World's most expensive bottle claimed fake as renowned collector sued
- Wednesday 6 September 2006
William Koch, an American industrialist, alleges that four bottles of Bordeaux he bought after Rodenstock attributed them to Thomas Jefferson are fakes.
Koch’s suit, filed in New York federal court last Thursday, stems from his purchase of a 1784 and 1787 Château Lafite, and a 1784 and 1787 Château Branne-Mouton – Mouton-Rothschild’s predecessor – which originated from Rodenstock.
One of the bottles was bought from a Chicago firm, the other three from a London dealer, all in 1988, according to the documents.
When a cache of more than a dozen bottles engraved ‘Th.J.’ reportedly came to light in 1985, Rodenstock said they had been found in a walled-up cellar in Paris, where Jefferson served as minister to France. Jefferson, who helped draft America’s Declaration of Independence, became the country’s third President.
The exact quantity of wine reportedly found, and the precise location of the cache, have never been established. Rodenstock told decanter.com that in 1985 he was told of the find, and flew to Paris to see the bottles, which he was told he must pay cash for. He will not say who called him, and says that he did not go to the actual house.
In 1985 he told the New York Times there were three bottles of 1784 and 1787 Château d'Yquem, three 1787 Lafite, three Château Margaux from 1787 and three 1787 Château Branne-Mouton, predecessor of today's Mouton-Rothschild. He indicated there were more from each Château but withheld details and said he had three bottles without identification.

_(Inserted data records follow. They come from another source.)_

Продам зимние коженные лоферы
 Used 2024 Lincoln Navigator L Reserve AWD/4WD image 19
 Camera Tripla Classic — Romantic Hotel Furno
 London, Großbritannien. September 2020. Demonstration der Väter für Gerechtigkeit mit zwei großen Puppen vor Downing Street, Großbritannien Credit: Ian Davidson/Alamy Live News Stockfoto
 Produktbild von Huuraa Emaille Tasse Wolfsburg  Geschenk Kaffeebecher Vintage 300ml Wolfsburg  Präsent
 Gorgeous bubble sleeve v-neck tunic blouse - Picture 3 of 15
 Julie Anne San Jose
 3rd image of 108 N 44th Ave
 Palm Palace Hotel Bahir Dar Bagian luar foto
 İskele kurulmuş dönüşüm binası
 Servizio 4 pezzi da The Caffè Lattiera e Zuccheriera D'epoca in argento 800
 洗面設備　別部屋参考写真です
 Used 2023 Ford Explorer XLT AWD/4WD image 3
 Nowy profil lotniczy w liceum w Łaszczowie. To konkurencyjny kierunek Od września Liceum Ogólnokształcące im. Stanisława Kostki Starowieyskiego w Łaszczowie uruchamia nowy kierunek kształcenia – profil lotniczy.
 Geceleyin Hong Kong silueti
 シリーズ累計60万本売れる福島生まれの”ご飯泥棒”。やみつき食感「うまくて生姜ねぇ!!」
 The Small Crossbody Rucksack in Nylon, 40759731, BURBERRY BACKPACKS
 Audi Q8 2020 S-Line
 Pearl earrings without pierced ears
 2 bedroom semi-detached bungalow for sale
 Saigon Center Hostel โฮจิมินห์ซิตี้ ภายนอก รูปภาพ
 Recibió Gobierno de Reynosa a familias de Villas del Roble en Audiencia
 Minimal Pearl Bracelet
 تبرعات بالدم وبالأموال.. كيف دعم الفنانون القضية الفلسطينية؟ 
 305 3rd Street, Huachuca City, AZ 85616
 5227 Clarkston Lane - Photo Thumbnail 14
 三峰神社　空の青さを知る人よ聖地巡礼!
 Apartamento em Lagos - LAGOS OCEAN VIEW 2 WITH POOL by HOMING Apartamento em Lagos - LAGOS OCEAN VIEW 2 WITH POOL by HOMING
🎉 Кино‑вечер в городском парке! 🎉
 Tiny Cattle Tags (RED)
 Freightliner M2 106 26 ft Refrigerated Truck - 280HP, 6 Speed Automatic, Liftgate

Three of the bottles were sold at Christie’s between 1985 and 1987: the 1787 Lafite, a 1784 Château d’Yquem, and a half-bottle of 1784 Château Margaux.
Malcolm Forbes, the late publisher, paid US$156,450 for the 1787 Lafite in the 1985 auction, a single-bottle auction record that remains unsurpassed. That bottle is in the possession of Forbes Management Company.
In reporting on Koch’s suit, The Wall Street Journal said that in 2005 the Boston Museum of Fine Arts asked Koch (pronounced 'coke') to prove the provenance of the hand-blown bottles when displaying his collection, which includes works of fine art.
Koch assembled a team of former FBI and British intelligence agents, wine and glass experts, Sotheby's former head of wine sales, David Molyneux-Berry, even a nuclear physicist, the Journal reported.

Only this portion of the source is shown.